(Crawled caption data)
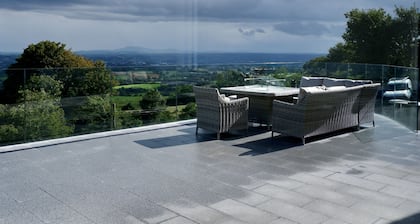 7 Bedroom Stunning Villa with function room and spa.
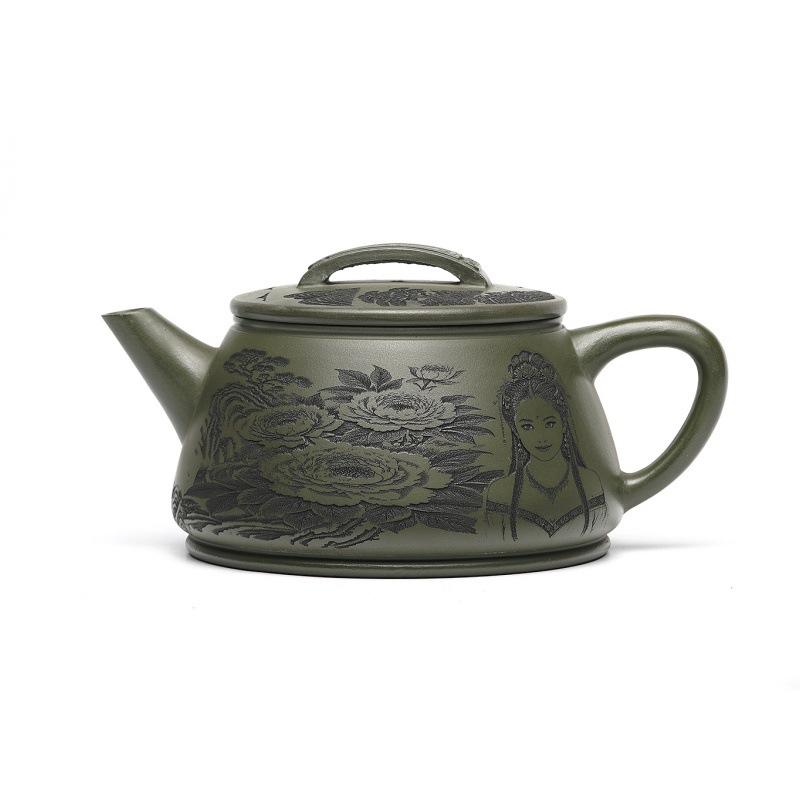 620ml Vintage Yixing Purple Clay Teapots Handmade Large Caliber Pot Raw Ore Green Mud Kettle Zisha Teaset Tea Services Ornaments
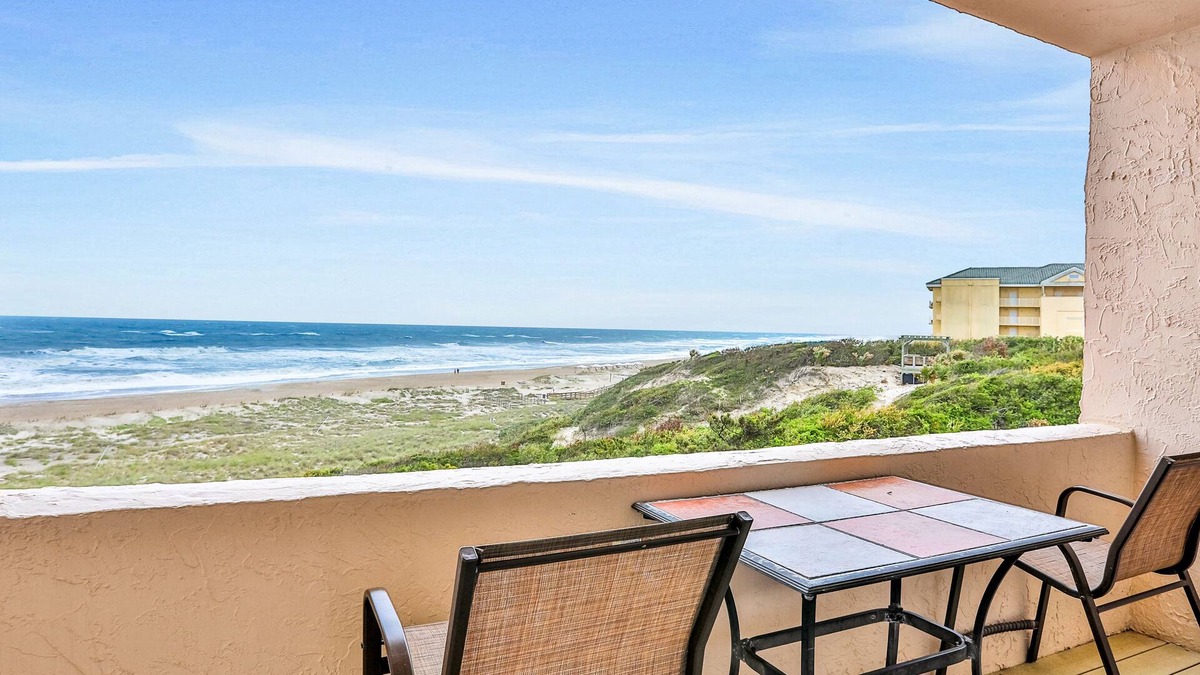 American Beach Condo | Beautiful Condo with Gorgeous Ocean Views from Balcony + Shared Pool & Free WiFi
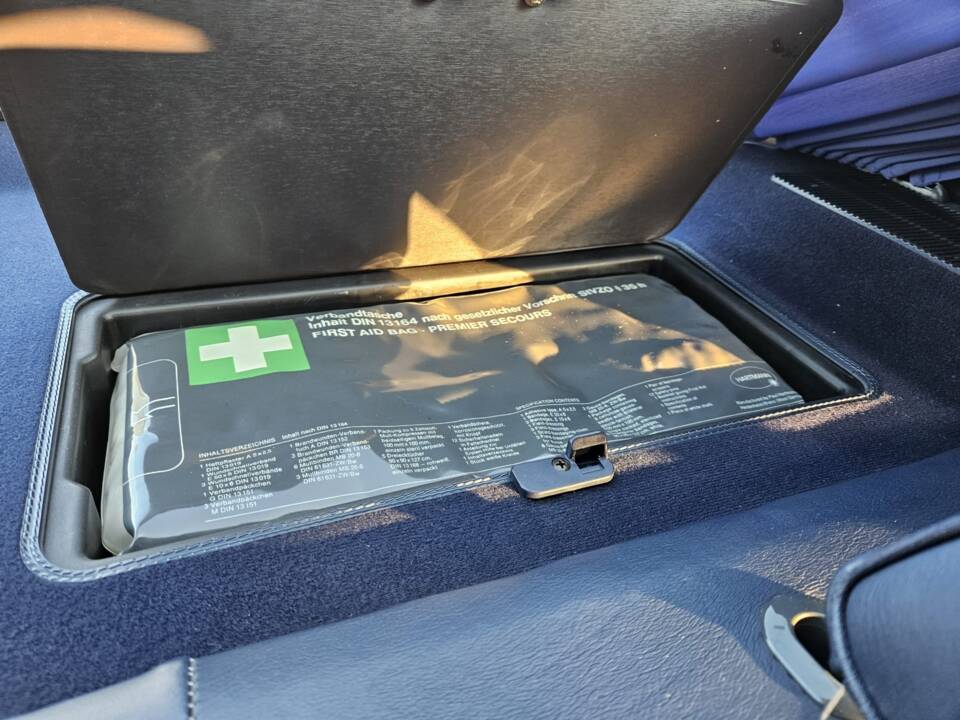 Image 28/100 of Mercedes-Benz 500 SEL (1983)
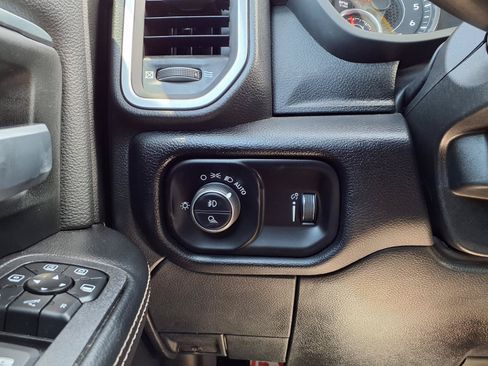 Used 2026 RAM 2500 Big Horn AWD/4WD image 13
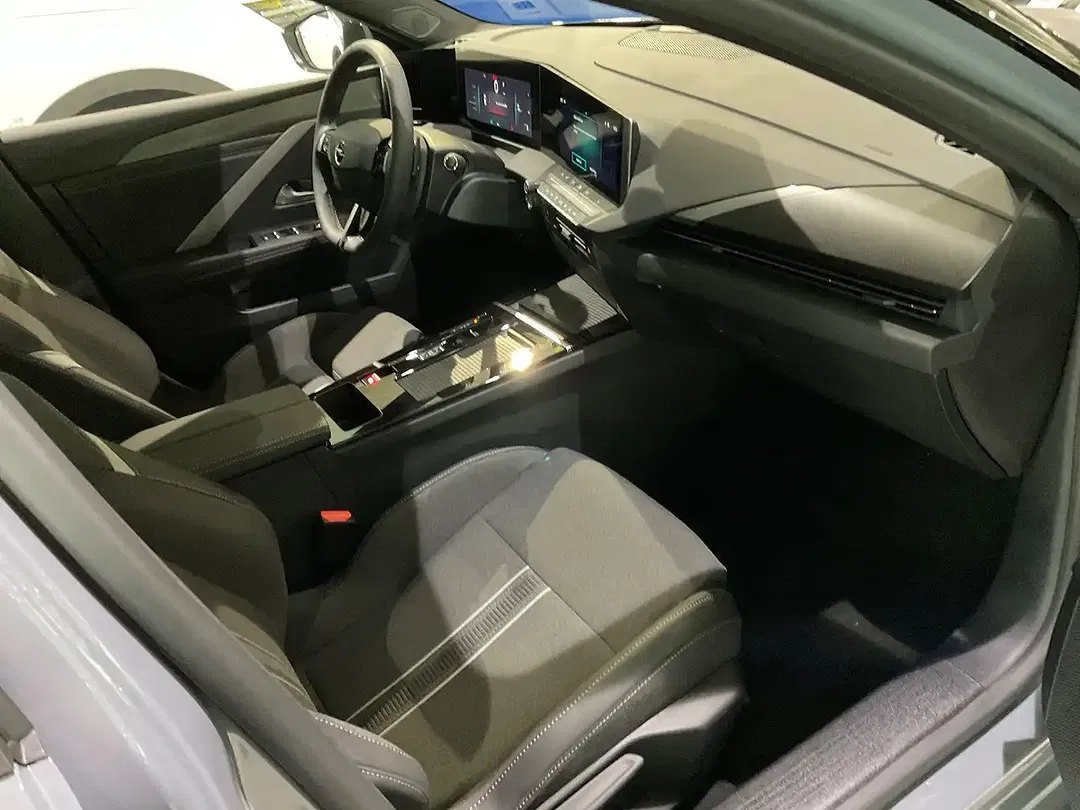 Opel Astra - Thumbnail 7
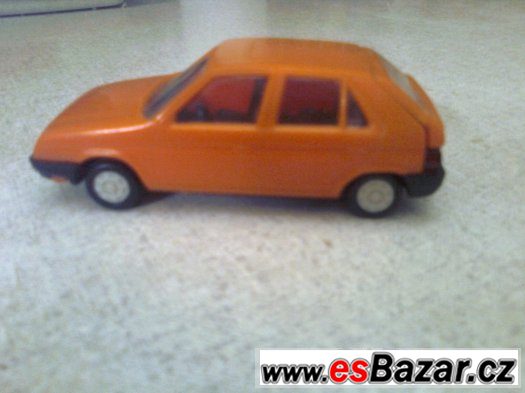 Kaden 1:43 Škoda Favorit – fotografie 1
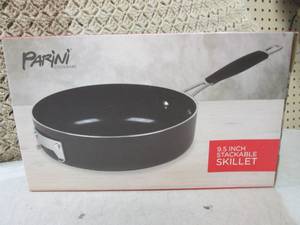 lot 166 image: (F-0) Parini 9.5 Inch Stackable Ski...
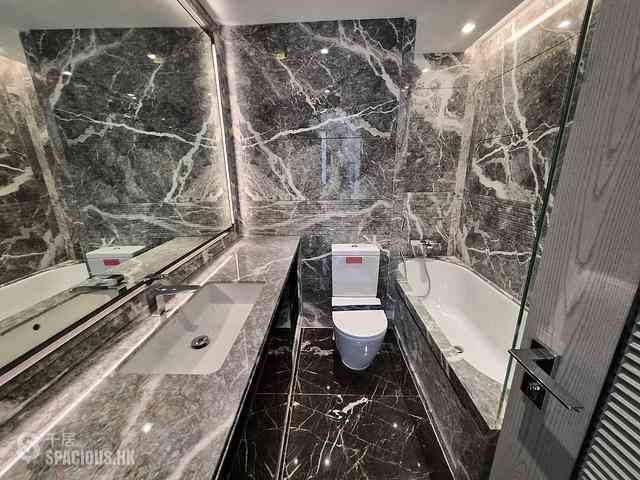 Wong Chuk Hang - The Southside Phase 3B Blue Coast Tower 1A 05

### Exercise aim
Word-for-word restatement: every line from the one with "620ml Vintage Yixing" through the final line of the data, both ends included, pictures excluded.

### Exercise output
 620ml Vintage Yixing Purple Clay Teapots Handmade Large Caliber Pot Raw Ore Green Mud Kettle Zisha Teaset Tea Services Ornaments
 American Beach Condo | Beautiful Condo with Gorgeous Ocean Views from Balcony + Shared Pool & Free WiFi
 Image 28/100 of Mercedes-Benz 500 SEL (1983)
 Used 2026 RAM 2500 Big Horn AWD/4WD image 13
 Opel Astra - Thumbnail 7
 Kaden 1:43 Škoda Favorit – fotografie 1
 lot 166 image: (F-0) Parini 9.5 Inch Stackable Ski...
 Wong Chuk Hang - The Southside Phase 3B Blue Coast Tower 1A 05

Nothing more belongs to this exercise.